When LQE was introduced, it stored index data using Apache Jena TDB. Reports were implemented using SPARQL queries. The architecture is shown below:

This architecture has several disadvantages for large indexes:

  • The TDB index must be local to the LQE server machine, which prevents addressing scale issues through clustering
  • Large Jena indexes must be almost entirely cached in memory for performance reasons, so that LQE servers require large amounts of RAM (as well as large Java heaps)
  • Jena does not have a sophisticated query optimization engine, so complex traceability reports could be slow.

One big limitation of the Jena architecture is how it deals with a workload involving both reading and writing. In the context of LQE, reads come from report execution, and writes come from indexing. If a query is running when a write request is processed, the updated data is temporarily stored in a journal file. Jena can combine the data in the main database with the updates in the journal to present a consistent view of the state of the database at the time the query started. The journal is merged into the main database once there are no reads pending.

There are some problems with this approach. First, the journal will continue to grow as long as there are queries running. And queries will be running if the reports are slow, or if the report workload is high (i.e. many users are running reports frequently). A busy LQE server may not be idle very often, which means that the journal can grow very large. Additionally, queries get slower as the journal grows, since Jena has to do more work to identify the correct dataset for a given report. This means there is a feedback loop where slow queries cause the journal to grow, which in turn causes the queries to be slower and then prevents the journal from being merged into the main database. This feedback loop can even be triggered by a single slow query.

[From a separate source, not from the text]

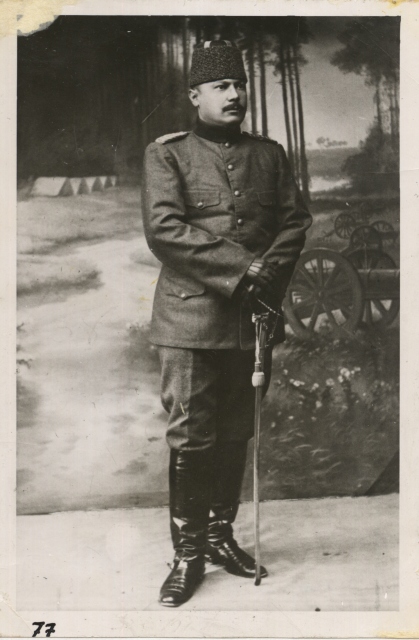 Genelkurmay arşivlerinden az bilinen Çanakkale fotoğrafları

Finally, it can take a long time to merge a large journal into the main database. While the merging is in progress, all read operations are blocked. This creates a queue of report requests waiting for the merge to complete. And once these reports start running, the cycle can start again.

Because of these disadvantages, Jena is being replaced with a relational database (see below). LQE continues to access application data via TRS feeds, but the results of indexing are stored on a relational database server. Report Builder executes reports by running SQL against the relational store.

This improves the scalability of the LQE solution in several ways.

  • Clustering becomes possible through standard database solutions like Oracle RAC
  • Database optimization engines are more sophisticated than Jena, allowing for improved query execution
  • Relational databases are designed for high data volumes, with many optimizations available to limit physical IO
  • Relational databases are much better at dealing with concurrent reading and writing. While locking is still needed, the locking usually happens at the row level. Lock escalation to the table level is not frequent, so one slow SQL query will not disrupt the entire server.
  • Since query processing shifts from the LQE server to the database server in this architecture, the LQE server requires less RAM. RAM freed up from LQE can be moved to the database server where it can be used more efficiently

It is also possible to deploy the two LQE architectures side-by-side, to reduce risk during the transition to the new architecture. A Report Builder can be configured to run both Jena and SQL queries, and even to compare the queries for correctness and performance.

Test results

The goal of these tests was to determine how much database memory should be allocated to the database caches, specifically:

  • The buffer cache on Oracle
  • The buffer pool on DB2

When a database executes a SQL statement, it will read table and index data from disk into these caches. Performance degrades if the database doesn't have enough of the data it needs in memory, since reading from disk is significantly slower than reading from memory. The amount of memory required depends on what the reports are doing, how big the index is, and how many reports are running concurrently. These tradeoffs are discussed below, but in order to estimate memory requirements, we used an LQE index of fixed size and executed a load test against the index. We then monitored I/O on the database server for a range of cache sizes. When caches are undersized, we would expect to see high physical I/O. Increasing the cache size should then reduce I/O, and we can determine the optimum cache size by charting I/O vs. cache size and looking for a point of diminishing returns.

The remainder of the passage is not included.